The Boehner bill has already passed the House with bipartisan support. The Department of Labor is in favor. So is the President. Every Washington insider I've spoken with recently says hard lobbying by the financial services industry practically ensures that we'll get Boehner or some hybrid of the two bills.
Is that a bad thing? Barbara Roper, director of investor protection for the Consumer Federation of America, thinks so. "With that bill, you kill any opportunities for independent advice to 401(k) participants," she says.
Say your plan provider's asset allocation has you putting 10 percent of your assets into an international fund. If the provider's international fund is a dog, will you be told?
Or perhaps you have a plan operated by a broker-dealer that offers in-house funds and some from other fund companies.

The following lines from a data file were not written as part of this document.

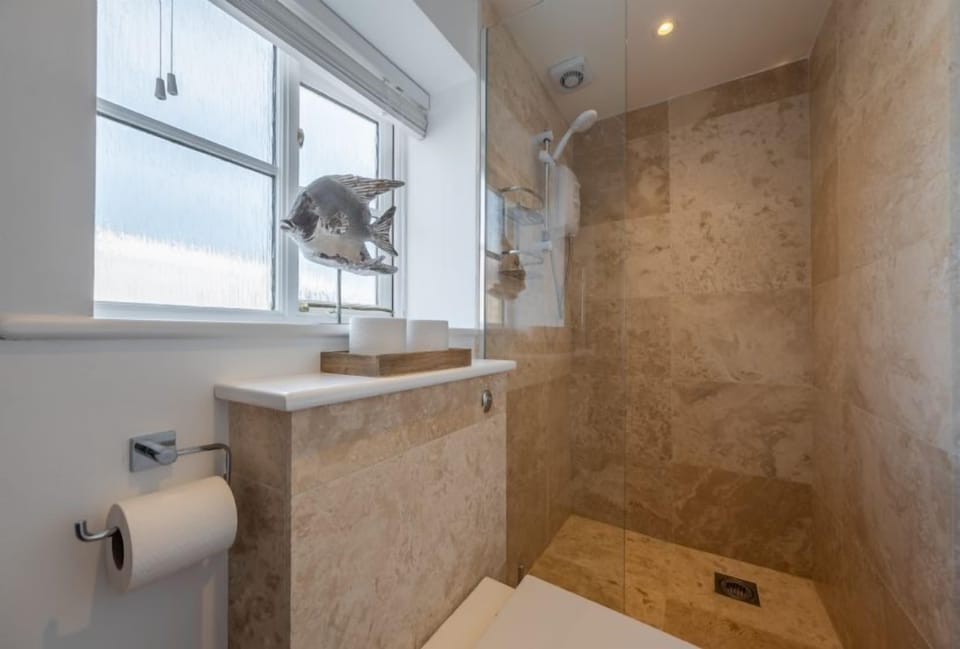 Ground floor: Wet room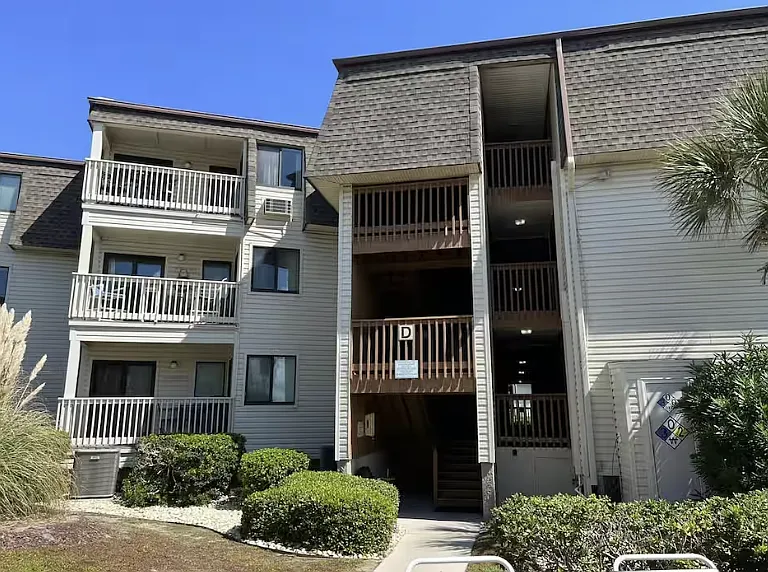 2 bed, 1250 sqft, $1,800 — Photo 2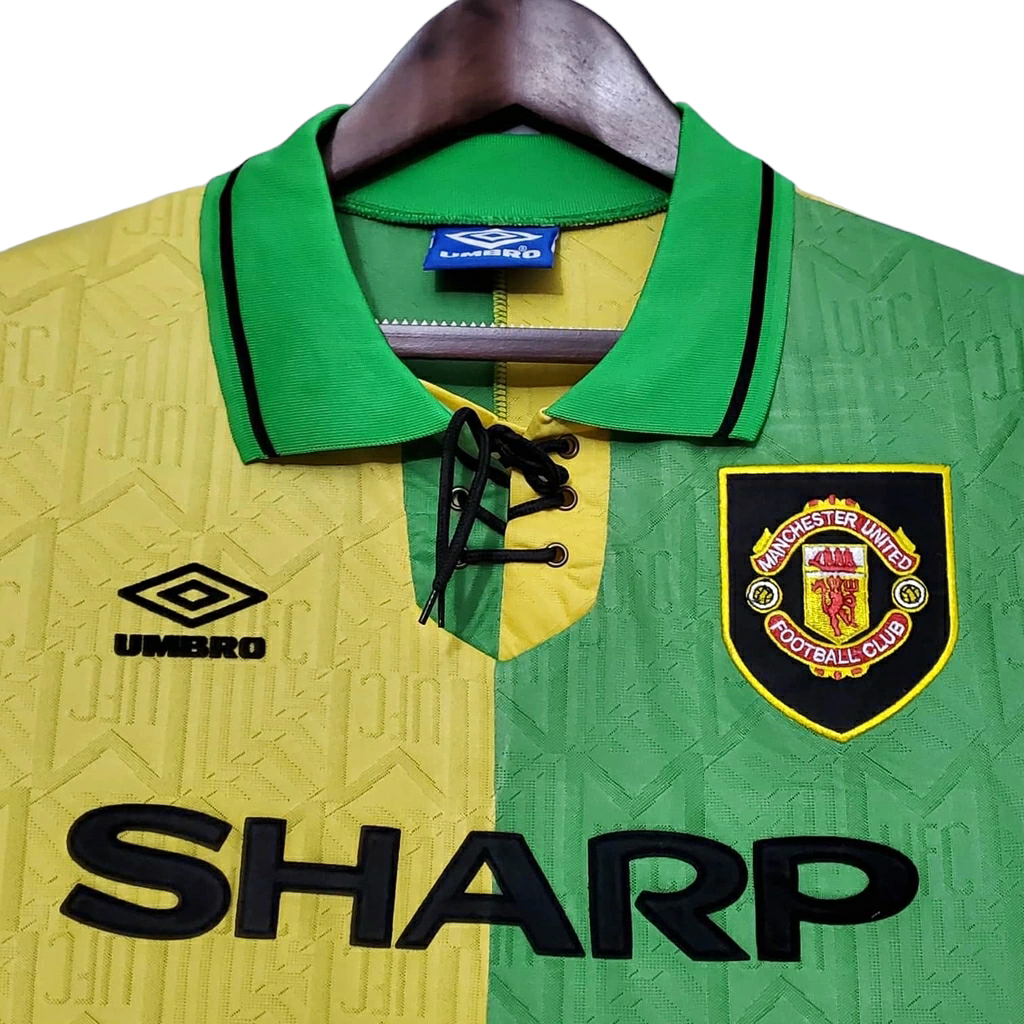 Camisa Manchester United 1992/1994 - Retrô Umbro - Verde e Amarela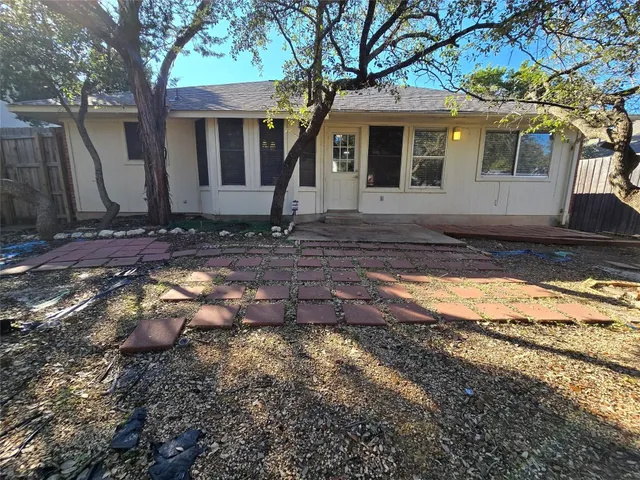 a view of a house with backyard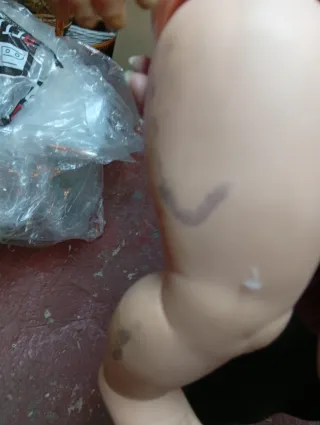 Muñeca antigua de plástico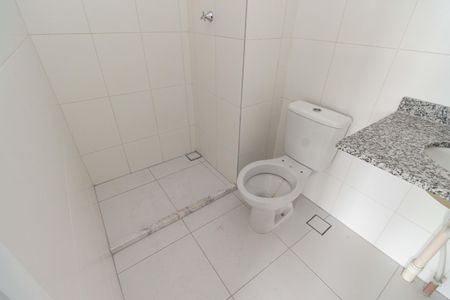Banheiro de apartamento à venda com 0 quarto, 37m² em Vila Firmiano Pinto, São Paulo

Are you going to be steered into the in-house options? If your plan includes index funds as well as more costly managed ones, are you going to be maneuvered away from the inexpensive-to-run passive funds?
But even Roper acknowledges, "If I had to make a choice between no advice and biased advice, I'd choose biased advice because I think there is a desperate need for it."
No doubt we need advice. But do we want it? In my mind, the biggest question about the bills on the table is not which one will pass, or whether investors will be savvy enough to sort out the data from the sales pitch. It's whether investors will listen at all. Right now, about one-quarter of employers do offer advice, but surveys show only 8 to 20 percent of employees take advantage of it. Washington seems to be doing its part. Now it's our turn.